Borrell no está solo. En los últimos días un selecto grupo de preclaros socialistas se han sumado públicamente a la conchabanza con los nacionalistas; acaso como parte de una estrategia que tiene por objeto acercarse, dialogar y «empatizar» —Dr. Sánchez dixit— con los postulados nacionalistas a cambio de mantenerse a toda costa en el Gobierno. Entre estas mentes privilegiadas cabe destacar la de Teresa Cunillera, la delegada del Gobierno en Cataluña, que en un programa de la emisora Catalunya Ràdio se mostró partidaria de que se indulte a los líderes independentistas si éstos son condenados por el Tribunal Supremo. Con similar clarividencia, Carmen Calvo, vicepresidenta del Gobierno y ministra de Igualdad, dijo que si el juicio se retrasa «mucho» no «sería lógico alargar la prisión a políticos independentistas presos». En una entrevista concedida a La Vanguardia, Calvo apostó por «tomar otras medidas», algo que ella «podría plantear el juez». Miquel Iceta —un clásico ya del compadreo y la complicidad con el secesionismo— también vería con buenos ojos, según deslizó en el programa La nit a 8TV, la posibilidad de que se decretara libertad provisional para los políticos encarcelados hasta la celebración del juicio. Los tres cargos socialistas fueron a rendir pleitesía ante los medios de comunicación catalanes, como manda la tradición, mostrando esa faz abyecta del socialismo que troca la «desinfección» que pedía el propio Ministro en auténtica desafección por la nación española.

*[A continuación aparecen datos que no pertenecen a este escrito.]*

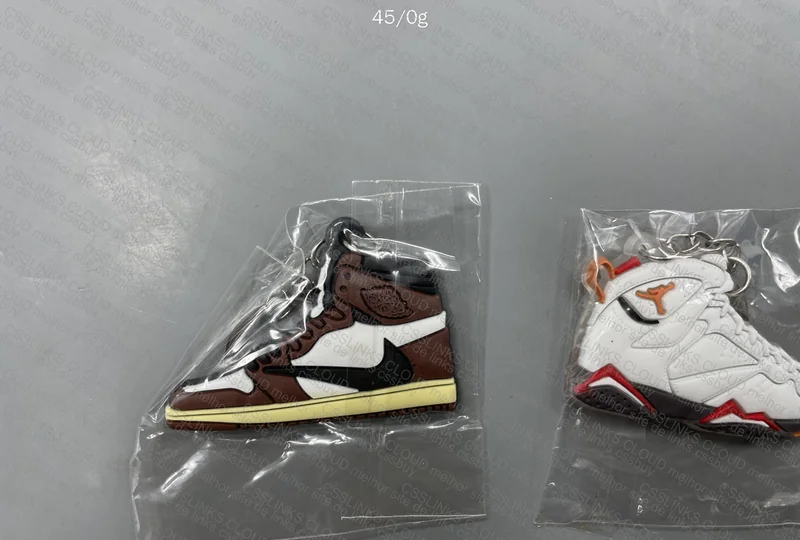 chaveiro jordan 3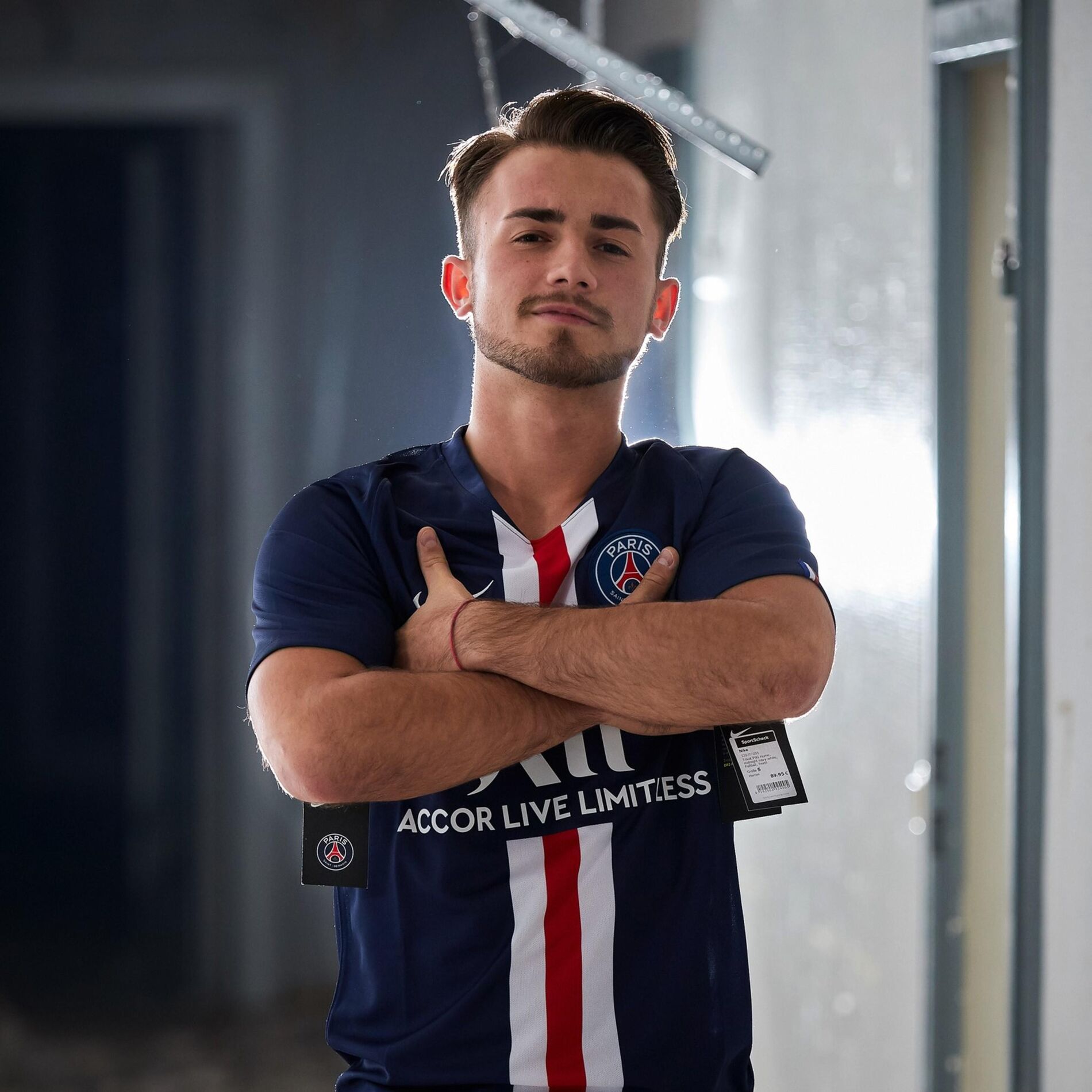Album cover of Mbappé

Sentenciaba Borrell en una conferencia sobre la Unión Europea, celebrada en el centro Jean Monnet de la Universidad de Nueva York, que resolver la crisis en Cataluña llevará «si tenemos éxito, veinte años». Contra lo que decía el celebérrimo tango, veinte años sí son algo. Dos décadas son —como poco— el tiempo que lleva gestándose esa tibieza, esa doblez y esa desafección que hoy causan la más grave patología que padece la vida política española. Veinte años son también el tiempo que algunos han tardado, parafraseando a Gardel, en adivinar el parpadeo de las luces que a lo lejos, tenues y engañosas, han marcado el camino de Borrell… y de tantos otros como él.

 

Francisco Javier Fernández Curtiella. Doctor en Filosofía.